Tarifaço começa com hostilidade a autoridades brasileiras. Ministros de Lula respondem. Você viu?

Da Redação

A quinta-feira (17) marcou uma das maiores escaladas diplomáticas entre Brasil e Estados Unidos nas últimas décadas. A ofensiva começou ainda de madrugada, quando o secretário de Estado norte-americano, Marco Rubio, voltou a atacar o governo brasileiro nas redes sociais. Em seguida, a Embaixada dos Estados Unidos atribuiu diretamente ao presidente Luiz Inácio Lula da Silva a responsabilidade pelo agravamento da crise comercial entre os dois países.

A resposta brasileira veio poucas horas depois. Em uma longa coletiva de imprensa, o vice-presidente Geraldo Alckmin e ministros de Estado rebateram, ponto por ponto, as justificativas apresentadas pelo governo norte-americano para impor novas tarifas sobre produtos brasileiros. O chanceler Mauro Vieira classificou as declarações de Rubio como “inaceitáveis” e “ofensivas”. O presidente do Banco Central, Gabriel Galípolo, desmontou as acusações contra o Pix. Integrantes das áreas econômica, ambiental, comercial e da Justiça responderam às críticas envolvendo comércio exterior, desmatamento, combate à corrupção e soberania nacional. A pergunta que este episódio deixa, entretanto, vai além da diplomacia.

Você viu essa resposta?

Parte dos brasileiros informados provavelmente acompanhou a carta de Donald Trump, as manifestações da Embaixada dos Estados Unidos e as declarações de Marco Rubio. Mas quantos tiveram acesso, com a mesma intensidade, às respostas do Estado brasileiro?

Criado para impedir o uso promocional da máquina pública durante as eleições, o defeso eleitoral tem uma finalidade legítima. O problema aparece quando sua interpretação alcança situações que extrapolam a propaganda institucional e atingem a própria circulação de informações de interesse público.

Enquanto autoridades estrangeiras utilizam livremente redes sociais, coletivas, canais oficiais e plataformas digitais para defender os interesses de seus países, o Estado brasileiro enfrenta limitações muito maiores para comunicar sua posição em um conflito internacional que envolve soberania, comércio exterior, sistema financeiro, meio ambiente e relações diplomáticas.

A coletiva desta quinta-feira ilustra bem essa realidade. Mauro Vieira revelou que o Brasil manteve mais de 30 reuniões com representantes norte-americanos desde março de 2025 e afirmou que a elevação das tarifas para 50% ocorreu por “expressa motivação política”, após a carta enviada por Donald Trump ao presidente Lula. Segundo o chanceler, houve uma tentativa de interferência no Poder Judiciário brasileiro e exigências que significariam uma verdadeira capitulação econômica do país.
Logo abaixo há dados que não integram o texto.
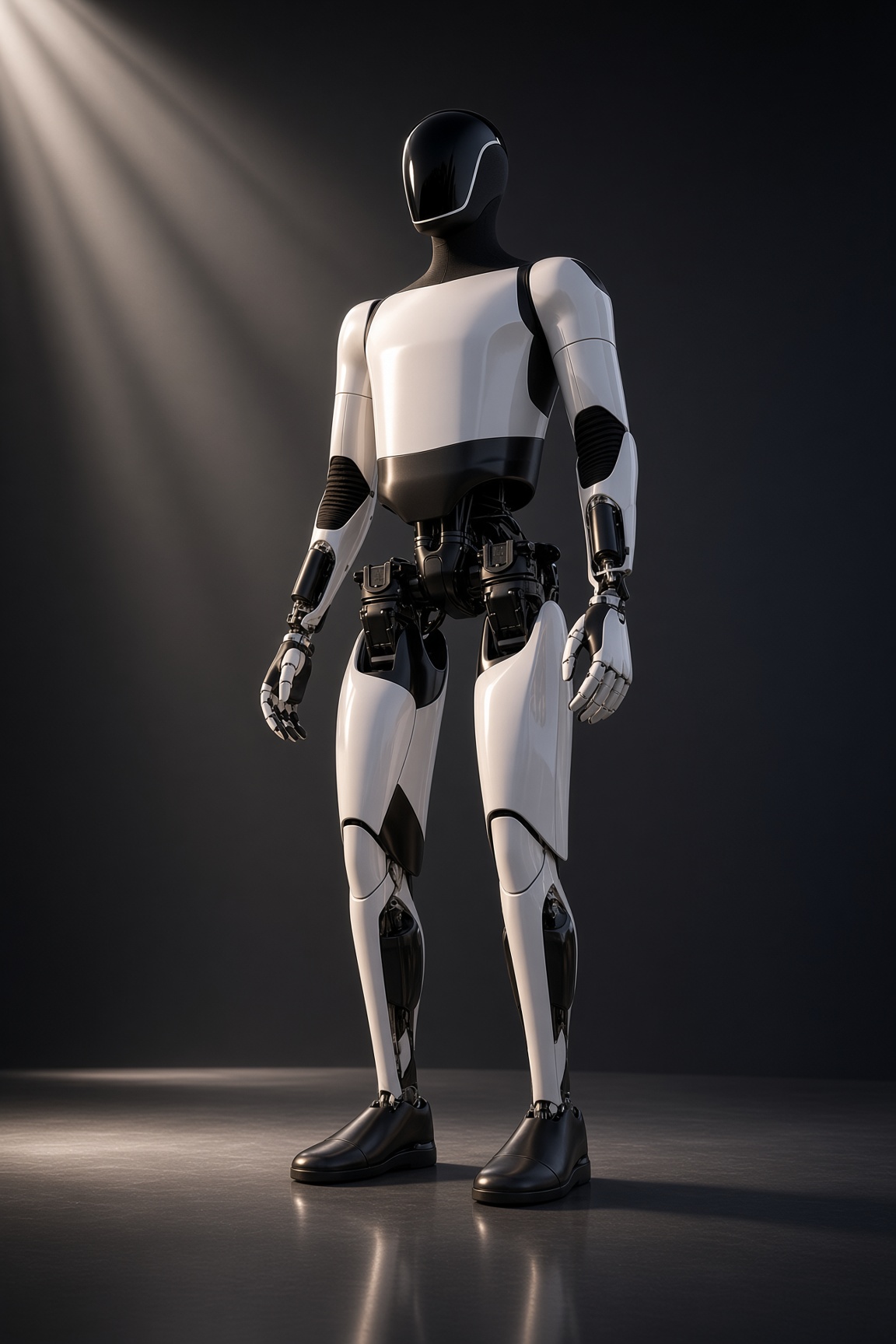 Studio photograph of Optimus standing three-quarter view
Geraldo Alckmin contestou os fundamentos econômicos da decisão norte-americana, lembrou que os Estados Unidos acumulam superávit comercial na relação com o Brasil e anunciou medidas de apoio aos setores exportadores atingidos. Gabriel Galípolo classificou as críticas ao Pix como desprovidas de fundamento técnico e comparou a acusação à ideia de afirmar que a implantação do saneamento básico prejudicaria quem vende água em caminhões-pipa. O presidente do Banco Central lembrou que o sistema brasileiro de pagamentos instantâneos se tornou referência internacional e vem sendo estudado por dezenas de países.

Representantes dos ministérios do Meio Ambiente, da Fazenda, da Justiça e do Desenvolvimento, Indústria, Comércio e Serviços também rebateram as alegações norte-americanas sobre desmatamento, corrupção, política comercial e acesso ao mercado brasileiro, apresentando dados e informações que contestam as justificativas utilizadas pelo governo dos Estados Unidos. Nada disso ocorreu de forma discreta. Foi uma das respostas institucionais mais amplas produzidas pelo governo brasileiro desde o início da crise. Mesmo assim, ela teve alcance muito infinitamente menor do que a ofensiva norte-americana.

Ao longo desta reportagem, publicamos capturas de tela de canais do YouTube e de outras plataformas para mostrar como esse desequilíbrio se manifestou na prática. Enquanto declarações do governo dos Estados Unidos ocuparam espaço imediato e amplo na circulação digital, as respostas dos ministros brasileiros receberam visibilidade significativamente menor.

Em uma época em que disputas comerciais, diplomáticas e geopolíticas também acontecem no ambiente digital, vale perguntar se as interpretações atualmente adotadas para o defeso eleitoral continuam conseguindo equilibrar dois valores igualmente importantes: impedir o uso eleitoral da máquina pública e preservar o direito da sociedade de conhecer, em tempo real, a posição do próprio Estado brasileiro diante de crises que afetam diretamente o país. Nesta quinta-feira, o governo respondeu. Você viu?